La cucina povera, quella nata per necessità, è diventata la nuova miniera d’oro del gourmet contemporaneo. Il miracolo? Servire cibo da contadini con la retorica del comfort food e l’impiattamento da laboratorio di architettura.
Prendiamo ad esempio il pane e panelle. In Sicilia si mangia in piedi, bruciandosi le mani e imprecando felici. Adesso invece te lo servono su pietra lavica, con coulis di finocchietto e arie al limone di Amalfi. Prezzo? “Dodici, ma pane fatto in casa.” Grazie tante, lo era anche nel 1870.
E vogliamo parlare della pasta e patate? Un tempo piatto unico di chi non aveva altro che una cipolla e un mozzico di provola. Oggi la trovi con chips croccanti e profumi d’oriente, impiattata con le pinzette. Con buona pace delle nonne, che te la buttavano nel piatto con la mestolata larga.
Poi c’è il trionfo dei piatti “poveri ma dignitosi”: la zuppa di ceci, la farinata, la minestra riscaldata. Presentati come esperienze sensoriali, “ritorni all’essenza”, “poesia del cucchiaio”. Il cucchiaio è in acciaio satinato. La poesia, spesso, è quella del conto.

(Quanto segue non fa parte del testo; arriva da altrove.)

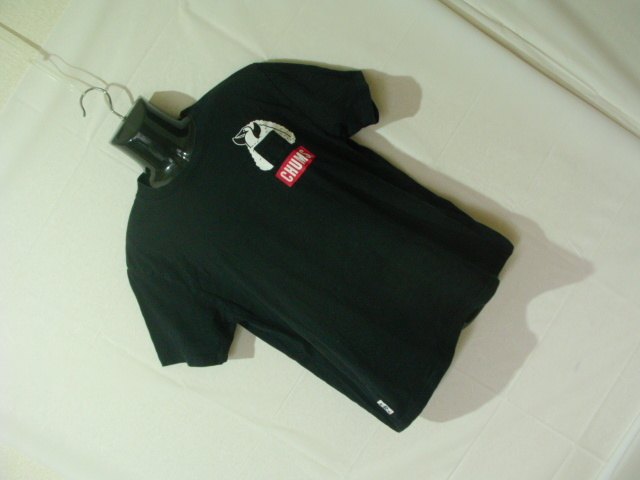 ssy7990 CHUMS 半袖 Tシャツ ブラック ■ プリント ■ ミニポケット クルーネック コットン100 カジュアル Mサイズ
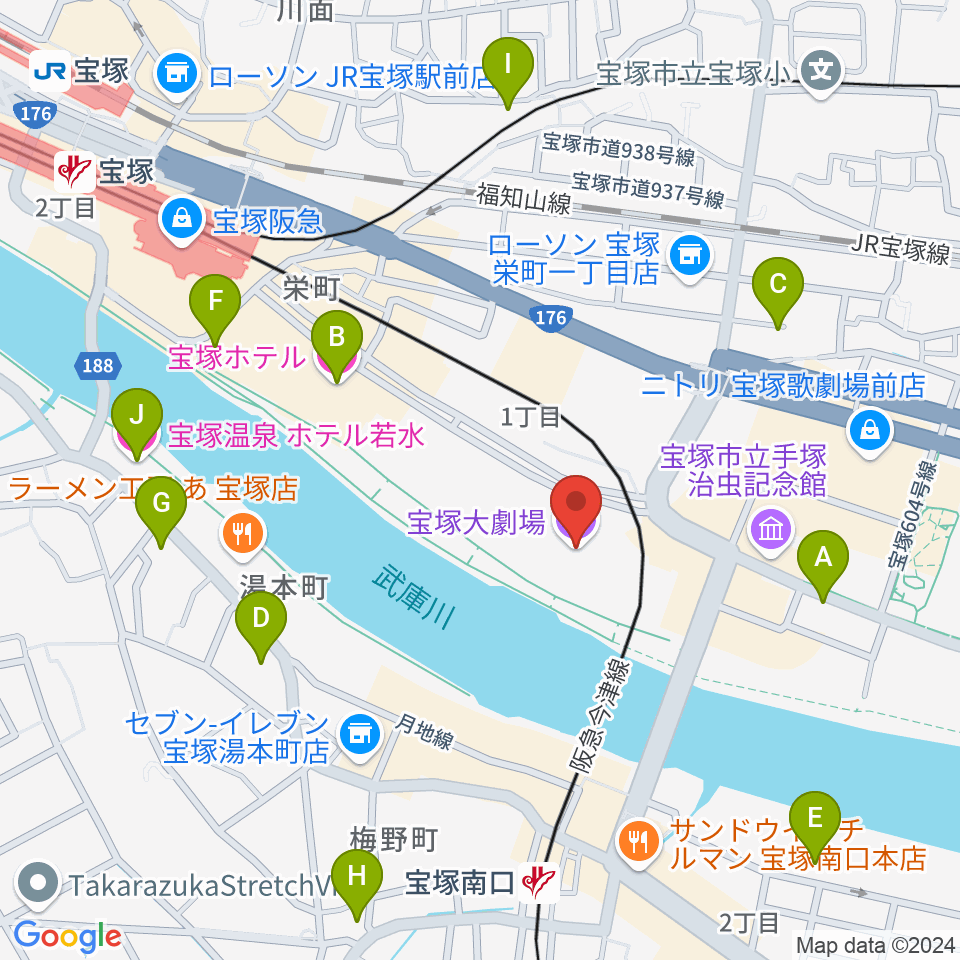 宝塚大劇場・宝塚バウホール周辺のホテル一覧地図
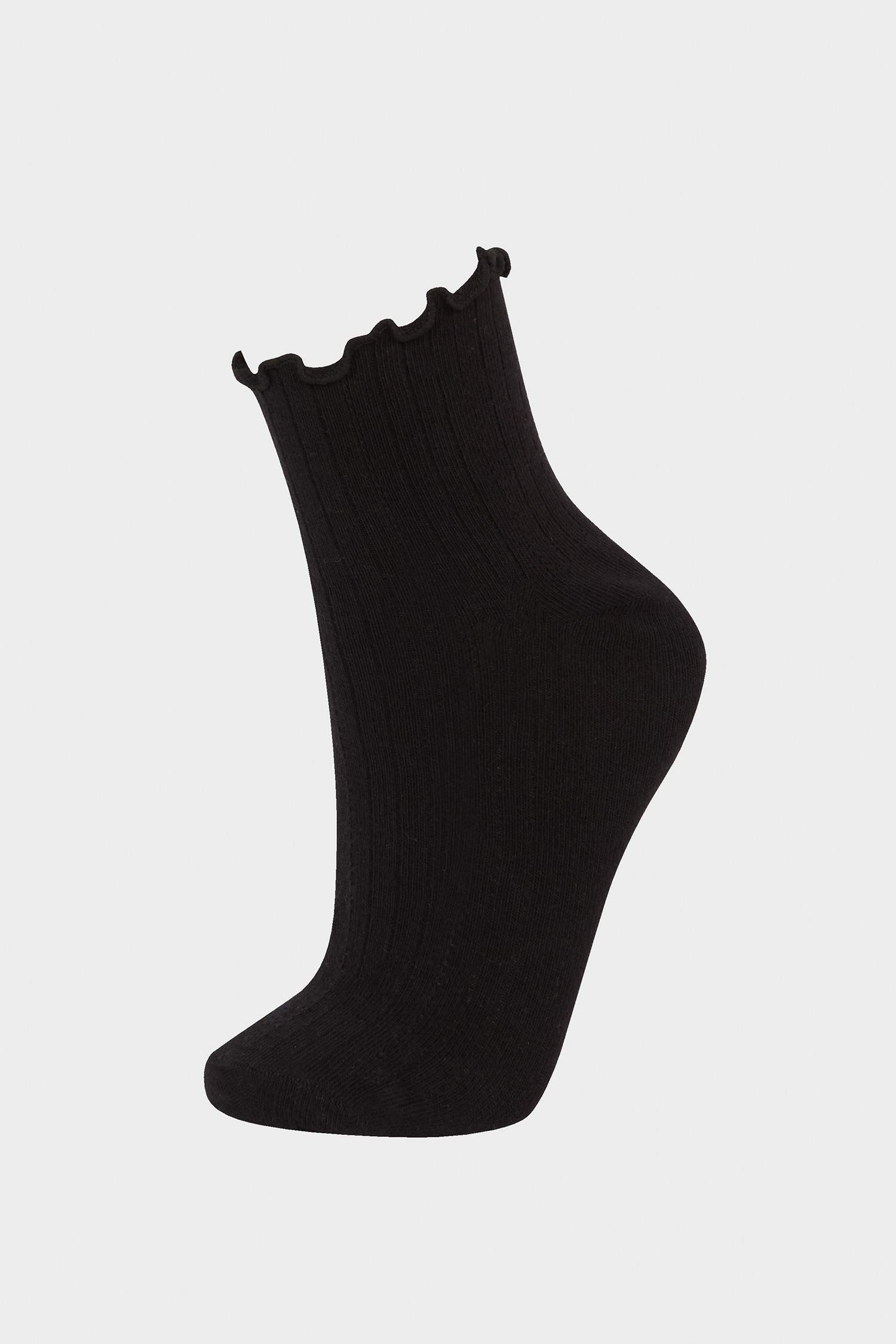 Lot de 3 Chaussettes longues en coton à volants pour femme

Il massimo si tocca con la cacio e pepe, già trasformata in simbolo di orgoglio culinario nazionale. Oggi fa pendant col vino naturale e si accompagna a spiegoni sul pecorino invecchiato “sotto grotta”. Ma sotto grotta una volta ci viveva chi la cacio e pepe la faceva davvero, col formaggio buono ma senza troppe cerimonie.
Non si tratta di difendere la nostalgia a tutti i costi. È sacrosanto che la cucina si evolva, che certi sapori tornino a vivere. Ma c’è un limite tra omaggio e appropriazione, tra riscoperta e furto con destrezza ai danni del popolo affamato.
Perché se un piatto nasce per i poveri, va benissimo celebrarlo. Ma non si può venderlo a peso d’oro. Anche perché, come diceva il cuoco della mensa operaia: “Se vuoi fare il ricco con la minestra, aggiungi l’acqua e non le bolle di tartufo”.